Bacchus (Dionysus), Ampelos, Silenus and a Maenad
||1793 - 1795
||Oil on canvas
||1092 x 1473 mm (43 x 58 in)
|Place of origin
Robert Fagan was a somewhat bohemian figure of Irish parentage who lived in Rome from 1784 to 1807, painting portraits, excavating and selling classical sculpture, and dealing in Old Masters. In a fit of melancholia in 1816 he committed suicide by throwing himself out of a window.
All four grisailles (monochrome paintings) by him at Attingham were presumably commissioned by Thomas Noel Hill, 2nd Lord Berwick (1770-1832), on his visit to Italy in July 1792. This was copied after a Roman marble relief, now in the Museo Nazionale, Naples.
Ampelos was a beautiful youth with whom Bacchus fell in love. He gave Ampelos a vine laden with grapes as a token of his love. The vine hung from the branches of an elm tree, and Ampelos climbed the tree to pick the fruit and fell to his death. Bacchus named the vine ampelos after him that he might be remembered forever.

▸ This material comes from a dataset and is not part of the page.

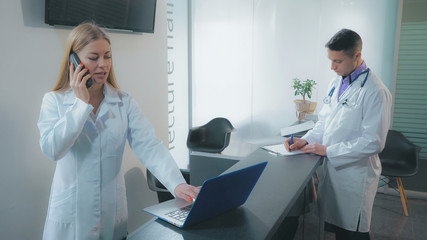 Doctor giving nurse patient s medical record. Adult professional therapist holding tablet fill documents using touch screen in clinic. Man wearing in white coat.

Oil painting on canvas, Bacchus (Dionysus), Ampelos, Silenus and a Maenad by Robert Fagan (Cork c.1745 – Rome 1816), 1793/95. A grisaille overdoor. Five full-length figures, left to right; muscular male striding forward to the left with his left leg forward, back turned to spectator, carrying a large open-topped vessel on his left shoulder, supported at the bottom by his left hand and on the top by his right, wearing an animal skin loincloth loosely tied at the waist, a small drape billowing from his right shoulder and wrapping itself around the trunk of a palm? tree; a naked Bacchus with a diaphanous drape across his thighs and knees is striding forward to left, his left leg forward his body facing but leaning to the right, his head turned, almost profile to right, holding in his right hand a Thyrsus (a wand tipped with a pine cone – an ancient fertility symbol), his left arm around the shoulders of naked Ampelus, who strides forward with his right leg, facing, head to left profile, wearing a small diaphanous drape hanging from his right shoulder, his left hand holds a Thyrsus, between the feet of Bacchus and Ampelos is a dog, turned to the left, head turned upwards to right, behind Ampelos, to the right, is a naked child also holding the Thyrsus in his right hand and a jug in his left, behind him to the far right is a maenad playing an aulos, striding forward with her right foot, wearing classical robes. After the original of a Dionysus procession, marble relief, Roman, 50 AD. in the Museo Nazionale, Naples - with a figure of a Maenad with cymbals and a small boy omitted by Fagan.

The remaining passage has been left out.